20 April 2013 00:00 [Source: ICIS news]
MEDELLIN, Colombia (ICIS)--Mexico-based polyethylene terephthalate (PET) producer Alpek reported on Friday Q1 net earnings attributed to controlling interests of $61m (€47m), down by about 22% compared with the same quarter in 2012.
Alpek, the petrochemical arm of Mexican conglomerate Grupo Alfa, attributed the drop in earnings to lower sales and a tightening of margins in export markets.
Revenues for the quarter stood at $1.82bn, down by about 4% from sales of $1.89bn in the previous-year quarter, Alpek said.
Earnings before interest, tax, depreciation and amortisation (EBITDA) declined by about 18% to $160m from $195m a year earlier.
“As expected, results were lower year over year,” said Alpek chief executive Jose Simancas. “[However] favourable industry trends observed after 4Q12 are beginning to benefit export markets and are in line with expectations for a gradual recovery during 2013.”
By segment, Q1 sales volumes of polyester and polyester products decreased by 6% due to a temporary shutdown in the company’s Columbia PET operations, as well as a less favourable market environment when compared with 2013, Alpek said.
Sales volumes for Alpek’s plastics and chemical segment, which produces expandable polystyrene (EPS), polypropylene (PP), caprolactam and other products, fell by 6% due to the effect of lower PP prices and sluggish Mexican housing construction.

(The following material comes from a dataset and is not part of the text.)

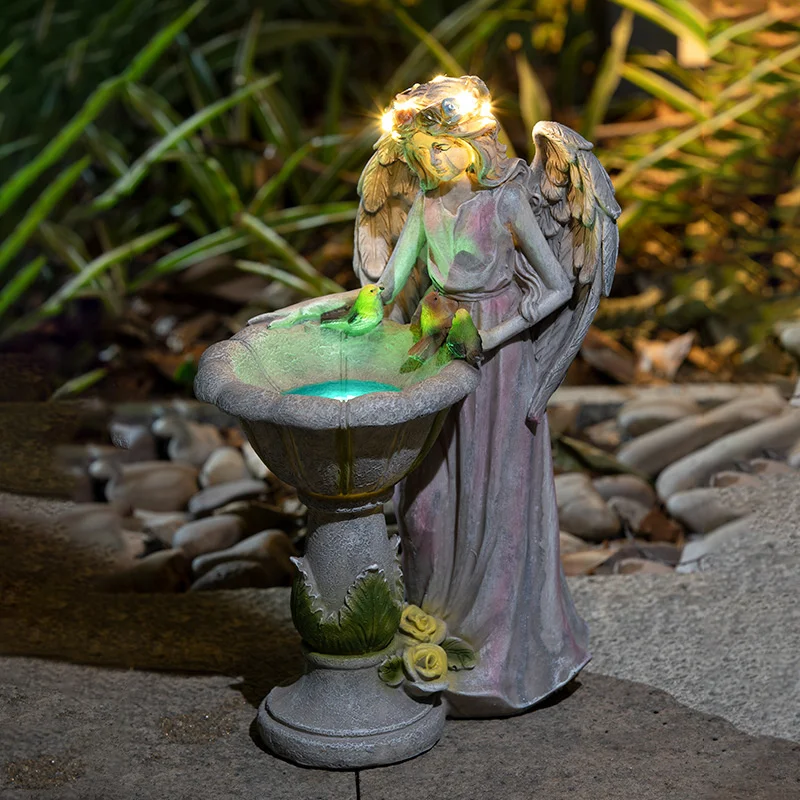 

Garden Large Statue Solar Energy Angel Sculpture Vintage Feeding Birds Girl Figurine Lamp Yard Balcony Home Decor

Alpek’s parent company, Grupo Alfa, reported Q1 sales of $3.9bn, up by about 3% on sales of $3.8bn in the previous-year quarter.
Alfa’s net earnings for the quarter were $206m, down by about 15% year on year, while EBITDA was up by 4% to $478m.
Alfa also owns Nemak (aluminium auto components), Sigma (refrigerated foods) and Alestra (IT and telecommunications).